● **Task to complete**: Copy out nothing but the lines from the one holding "White Candlestick Holder With Handle" through the end of the entries below, exactly as written and without the pictures.

(Extracted records)
★ ★ ★ ★ ★
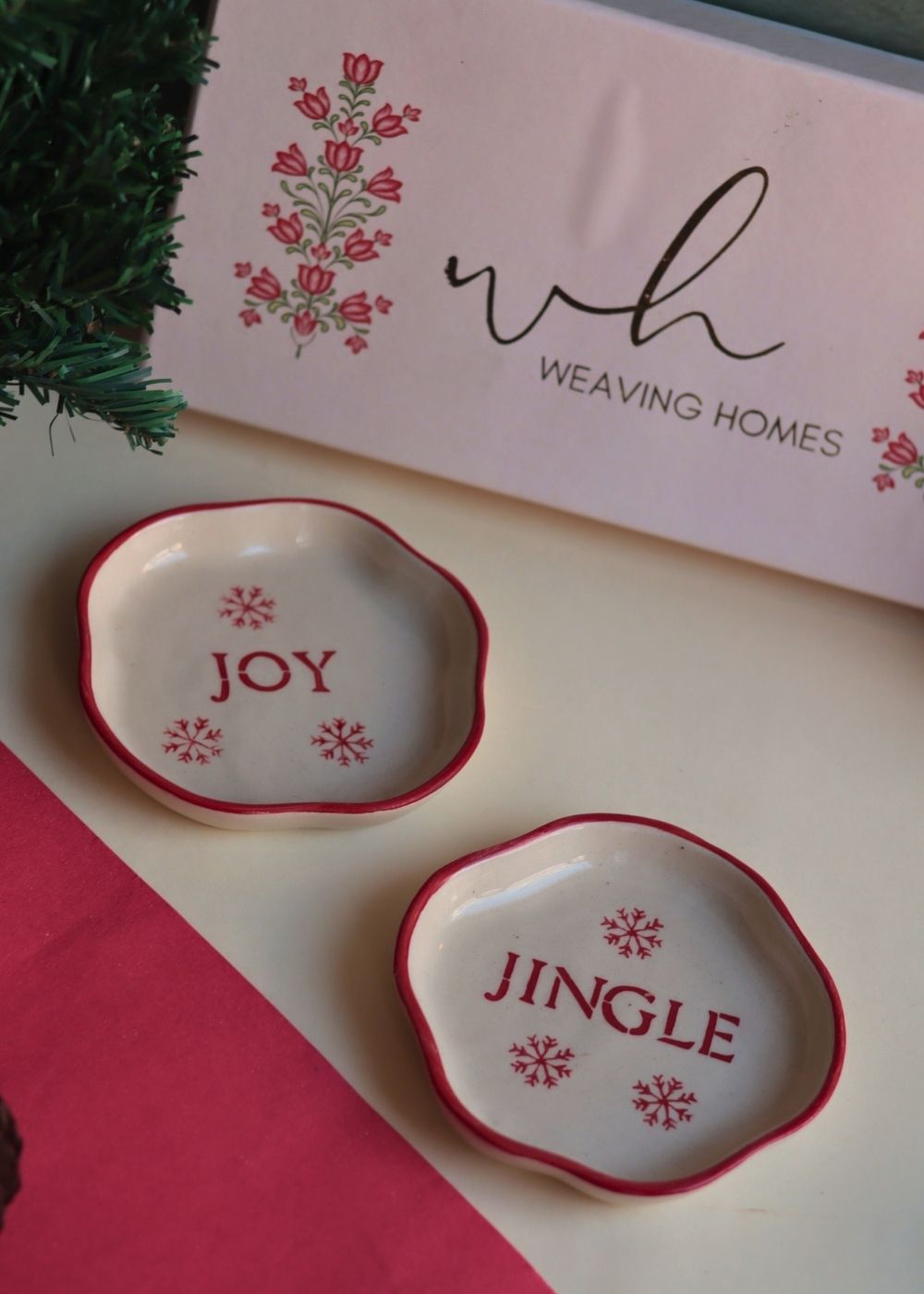 Jingle & Joy Handmade Dessert plate in a Gift Box with premium quality material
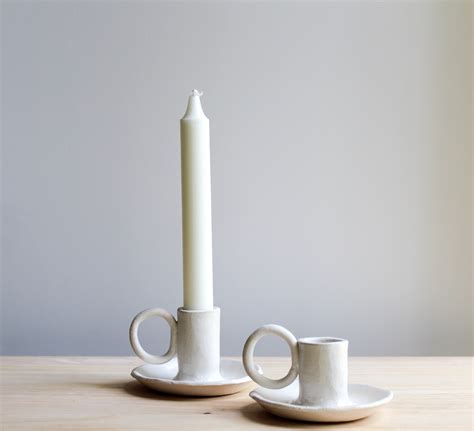 White Candlestick Holder With Handle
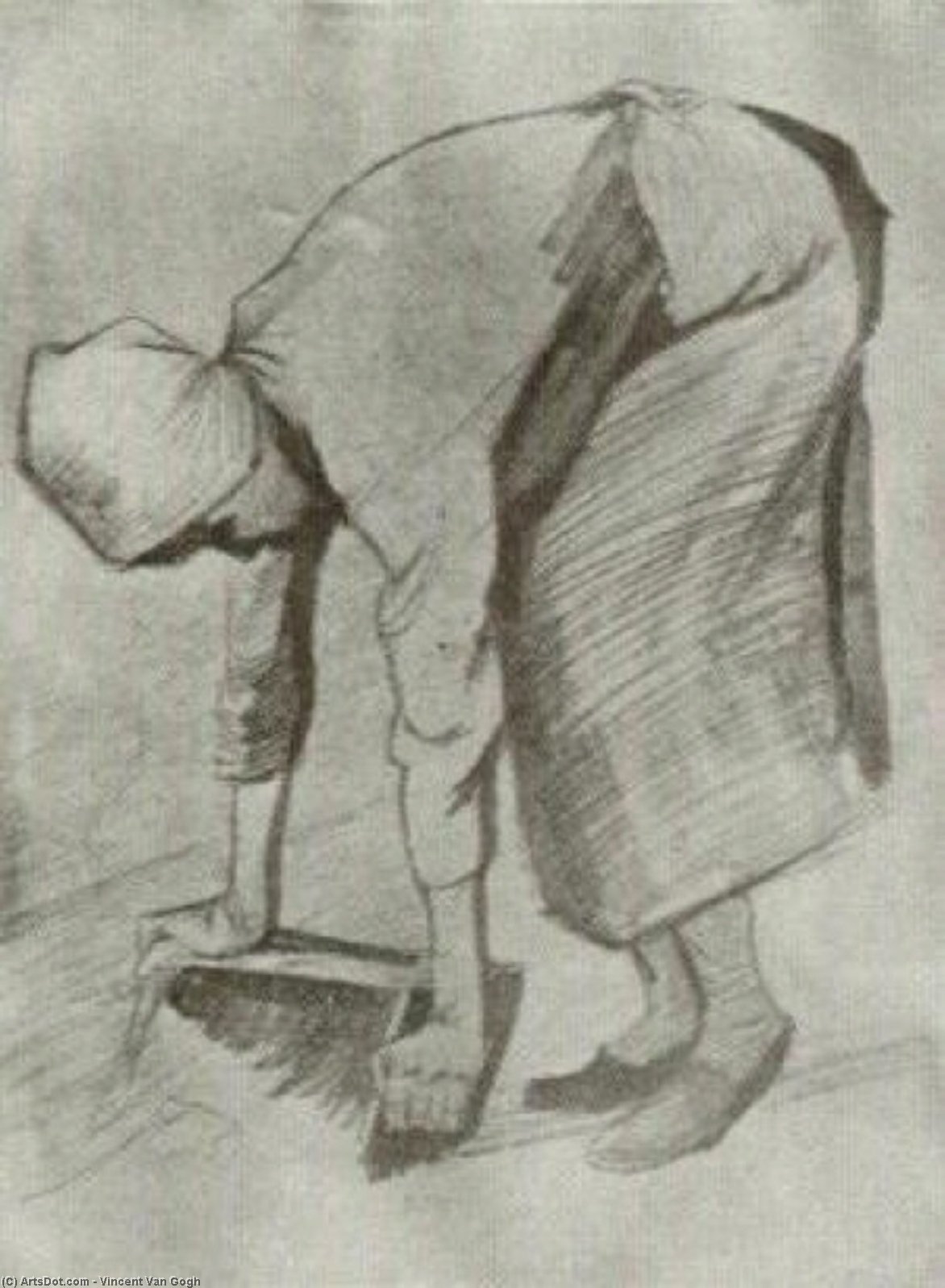 Wikioo.org - Bách khoa toàn thư về mỹ thuật - Vẽ tranh, Tác phẩm nghệ thuật Vincent Van Gogh - Bending Woman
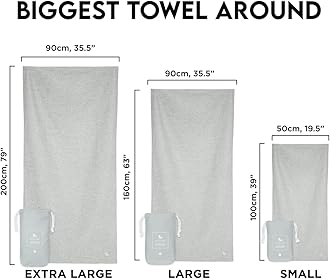 Dock & Bay Beach Towel - Quick Dry, Sand Free - Compact, Lightweight - 100% Recycled - Includes Bag - Essential - Mountain Grey - Large (160x90cm, 63x35)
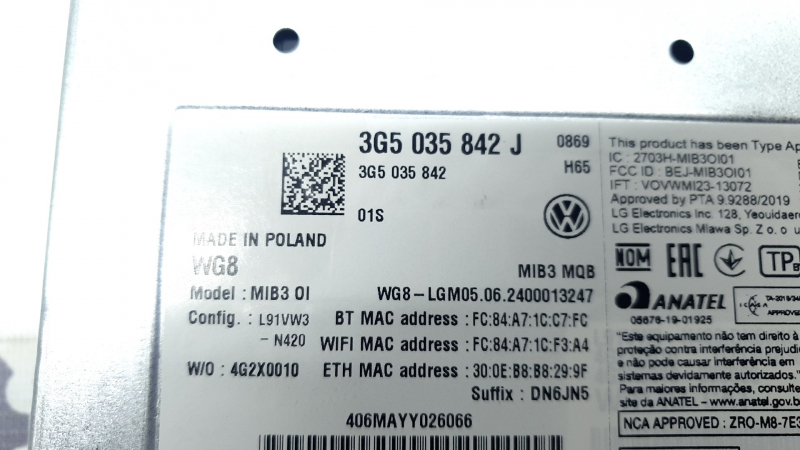 Блок управления мультимедией VW Tiguan 18-24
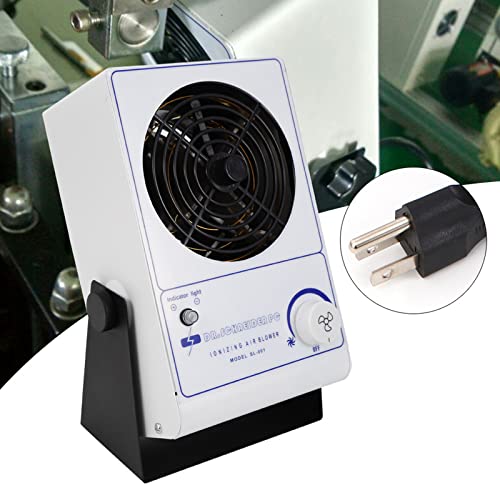 110V 60Hz Ionizing Air Blower Fan Anti Electrostatic Ion Blower Anti-Static Ionizer ESD Static Electricity Elimination Eliminator Fan Adjustable Wind Speed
★ ★ ★ ★ ★
● **Exercise result**:
 White Candlestick Holder With Handle
 Wikioo.org - Bách khoa toàn thư về mỹ thuật - Vẽ tranh, Tác phẩm nghệ thuật Vincent Van Gogh - Bending Woman
 Dock & Bay Beach Towel - Quick Dry, Sand Free - Compact, Lightweight - 100% Recycled - Includes Bag - Essential - Mountain Grey - Large (160x90cm, 63x35)
 Блок управления мультимедией VW Tiguan 18-24
 110V 60Hz Ionizing Air Blower Fan Anti Electrostatic Ion Blower Anti-Static Ionizer ESD Static Electricity Elimination Eliminator Fan Adjustable Wind Speed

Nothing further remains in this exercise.